■ **DIRECTIONS FOR THIS TASK**
Leave out the images; return the rest of the data exactly.

■ **GIVEN INFORMATION**

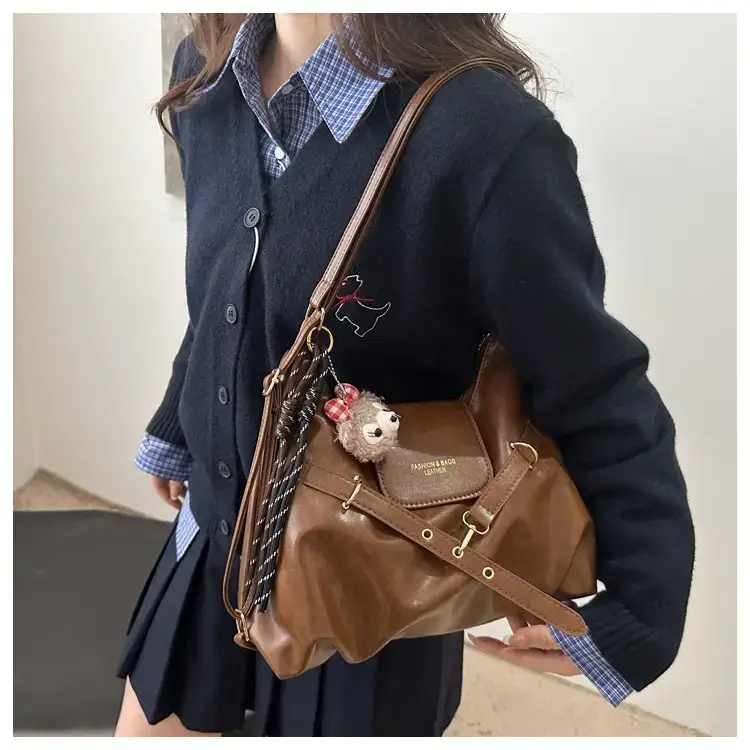 Brown Leather Women's Tote Bag with Metal Buckle — feature 9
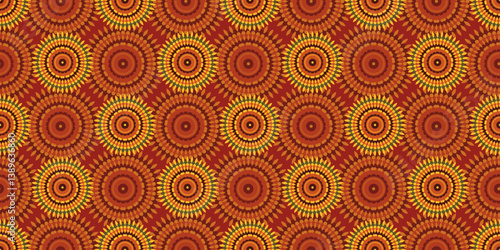 African ethnic traditional native pattern. Seamless pattern beautiful Kitenge, chitenge, dutch wax, and Ankara style. Design for carpet, wallpaper, clothing, wrapping, fabric, cover, dress. Vector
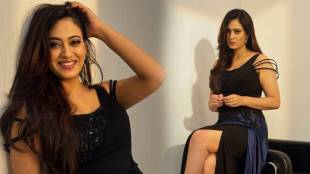 Shweta Tiwari black gown photoshoot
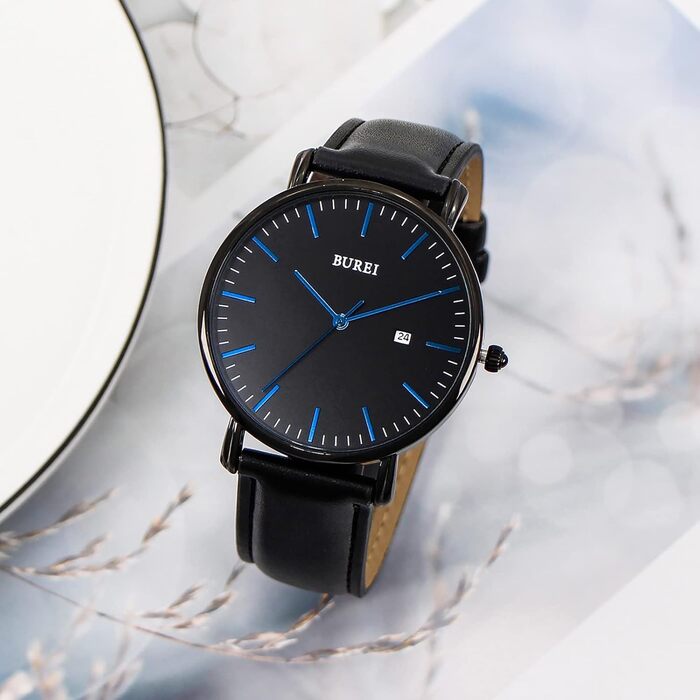 Годинник чоловічий BUREI, аналоговий кварцовий годинник з сітчатим ремінцем, мінімалістичний дизайн, чорний/синій, ідеальний подарунок для чоловіків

■ **EXERCISE SOLUTION**
 Brown Leather Women's Tote Bag with Metal Buckle — feature 9
 African ethnic traditional native pattern. Seamless pattern beautiful Kitenge, chitenge, dutch wax, and Ankara style. Design for carpet, wallpaper, clothing, wrapping, fabric, cover, dress. Vector
 Shweta Tiwari black gown photoshoot
 Годинник чоловічий BUREI, аналоговий кварцовий годинник з сітчатим ремінцем, мінімалістичний дизайн, чорний/синій, ідеальний подарунок для чоловіків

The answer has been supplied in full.